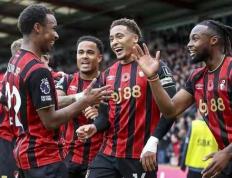 爱游戏体育中国-英超神奇黑马！伯恩茅斯1个夏窗17人离队，却强势逆袭冲到联赛第2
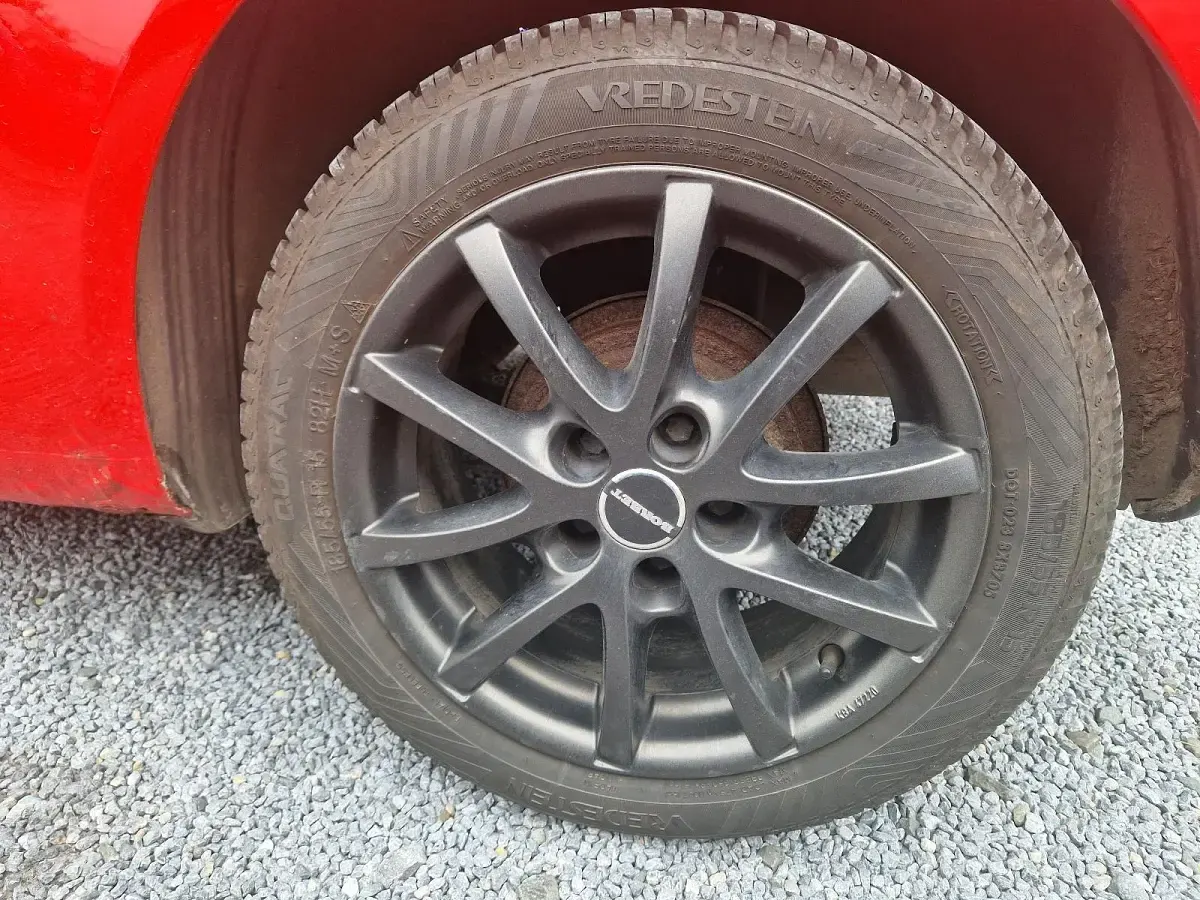 Gebraucht VW Polo 60 PS (44 kW) 2003 Rot Kleinwagen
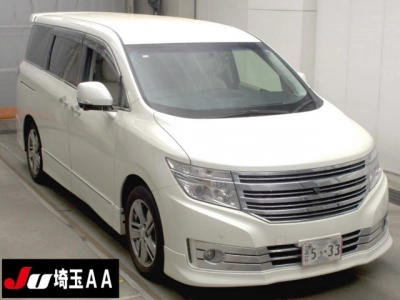 NISSAN ELGRAND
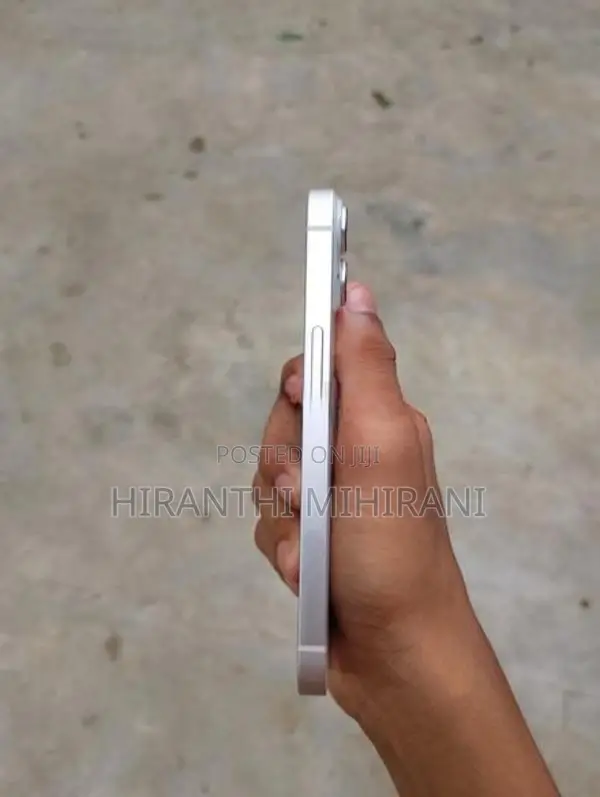Apple iPhone 14 (Used)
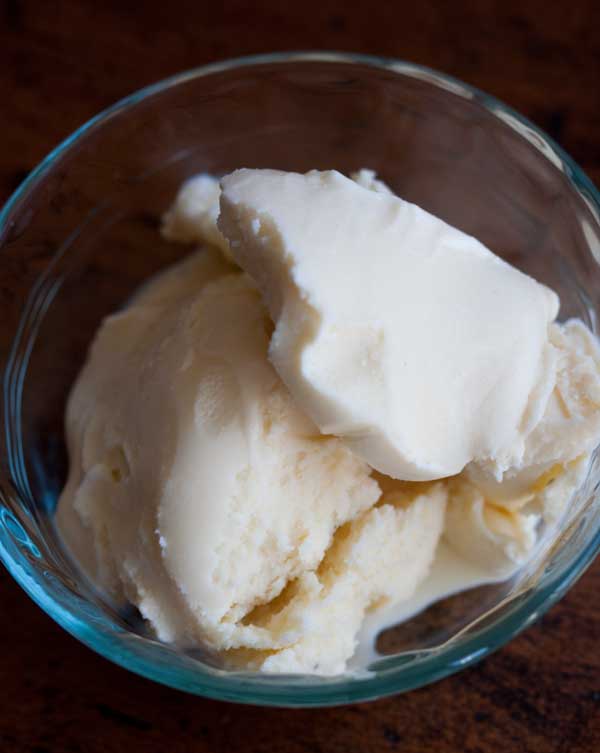 Root Beer Gelato in a custard cup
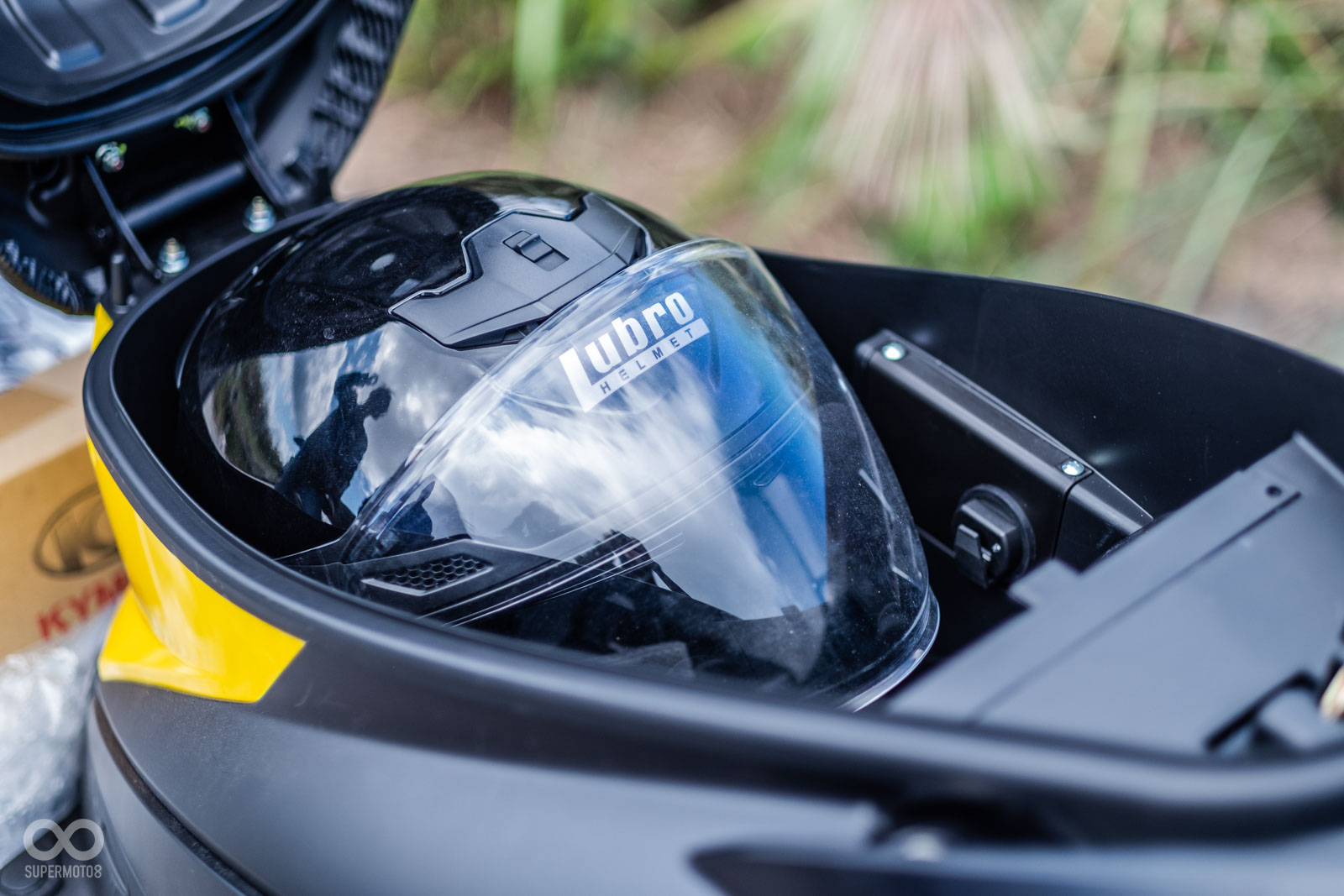 車廂內可放入3/4安全帽,圖中安全帽小壓後可蓋上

▬▬▬▬▬▬▬▬▬▬

→ **Work request**: Repeat the full set of records exactly, and output no pictures.

→ **Response area**:
 爱游戏体育中国-英超神奇黑马！伯恩茅斯1个夏窗17人离队，却强势逆袭冲到联赛第2
 Gebraucht VW Polo 60 PS (44 kW) 2003 Rot Kleinwagen
 NISSAN ELGRAND
Apple iPhone 14 (Used)
 Root Beer Gelato in a custard cup
 車廂內可放入3/4安全帽,圖中安全帽小壓後可蓋上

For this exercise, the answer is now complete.